The battlefield losses came as Afghan President Hamid Karzai faced a fresh political confrontation, ordering parliament to put off its winter recess and vote on a new Cabinet lineup as soon as this weekend. On Saturday, lawmakers defied the president by rejecting two-thirds of his Cabinet picks.

Western officials are worried about the weakness of the Karzai government as the Obama administration embarks on a troop buildup that will nearly double the American military presence in Afghanistan.

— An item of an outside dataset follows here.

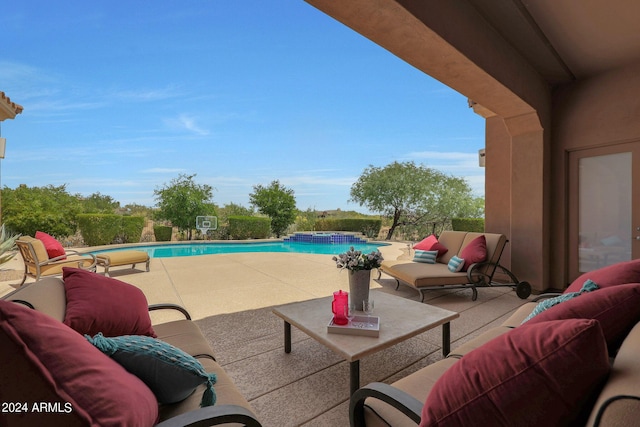 view of swimming pool with a patio and an outdoor hangout area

Karzai is also under pressure to form a government before a conference of international donors in London beginning Jan. 28.

As the first of 30,000 new U.S. troops begin flowing into the country, adding to some 68,000 already deployed here, Western commanders have warned that a commensurate increase in casualties is likely. That is in part because the additional American forces will push into parts of the country that were previously under the sway of the Taliban and other insurgents.

In 2010’s first reported battlefield deaths, military officials said four American troops had been killed in a roadside bomb in the south. A British soldier was also killed in a separate explosion.

Roadside bombs are the No. 1 killer of Western forces in Afghanistan, and have become the signature weapon of the Taliban and other insurgents. Multiple fatalities in a single incident, such as the strike that killed the four Americans, have become commonplace, because members of the Taliban are using larger and more powerful improvised explosive devices, or IEDs, capable of destroying armored vehicles and killing most or all of those inside.

The military did not say where the latest U.S. deaths occured, but most Americans in the south are based in Helmand and Kandahar provinces, where the Taliban movement is strongest. Those provinces are also a center of Afghanistan’s drug trade, which has close links to the insurgency.

Most of the arriving reinforcements are to be deployed in the south, where thousands of U.S. Marines have been trying to secure a key swath of the Helmand River valley. Other U.S. troops are working to quell a rising insurgent presence around the city of Kandahar, the Taliban’s spiritual center.